George's previous owners were made homeless and I took him into my cattery as a temporary measure. I need to find him a new home. He is about 6-9 months old I think. He looks like he's a Burmese. He's got pale brown fur with chocolate points on ears, paws & tail. George is very cuddly and quite vocal. He's been in the cattery about four weeks and really needs a home where he can have the love and attention a young cat deserves.
If anyone can help I live in the Rayleigh area in Essex.


----------



## Linn (Oct 25, 2012)

I *may* be, Lesley. Do you have a pic you could post?


----------



## lesleyJ (Nov 2, 2012)

I do have some pics. I'll see if I can figure out how to get them on here,


----------



## bluebindy123 (Jul 27, 2010)

He is lovely I am sure he will get a new home soon.


----------



## kelly-joy (Oct 14, 2008)

If you can't find him a home and you would like us to help find a rescue for him, please email me at [email protected]


----------



## lesleyJ (Nov 2, 2012)

Thanks Kelly.
I'll keep trying for a bit longer but will be in touch if I have no luck.


----------



## Guest (Nov 5, 2012)

bumping this


----------



## chasindreams (Dec 4, 2012)

is George still looking for a new home?


----------



## merlin12 (Jun 24, 2011)

He is lovely, I really hope he finds a home.


----------



## Susan1971 (May 6, 2013)

lesleyJ said:


> George's previous owners were made homeless and I took him into my cattery as a temporary measure. I need to find him a new home. He is about 6-9 months old I think. He looks like he's a Burmese. He's got pale brown fur with chocolate points on ears, paws & tail. George is very cuddly and quite vocal. He's been in the cattery about four weeks and really needs a home where he can have the love and attention a young cat deserves.
> If anyone can help I live in the Rayleigh area in Essex.


Hello Lesley,

I have been looking for the right cat for 20 years and George looks like he could be.
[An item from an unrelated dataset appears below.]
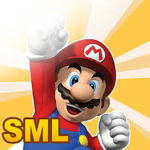 The sml group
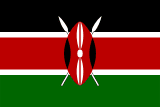 Business List/Directory for Kenya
I need a Burmese as I have asthma and excema and moggies can set it off. I am disabled and bedbound and have all the time and love in the world for a companion.

Looking forwardto hearing from you,
Susan

07956 346687


----------



## tincan (Aug 30, 2012)

Hiya Susie and welcome to the forum 

Susie just a helpful word , please remove your contact number  it's not wise to put it in full view .....

Hope you will stick around the forum , it's a great place .....

I think the original post is quite old , he may well have been rehomed by now


----------



## MerlinsMum (Aug 2, 2009)

I just wanted to add, I'm not sure he is a full Burmese.
He seems to be far too light in colour to be a Brown Burmese, and not the right colour for a Chocolate. My guess is he is a Tonkinese... which have Siamese in their ancestry.

I am surprised that you are only not-allergic to Burmese as they have thicker coats than many other breeds. Have you handled or visited Cornish or Devon Rex, Orientals, or Siamese? All of these have a shorter coat than most breeds with less undercoat.


----------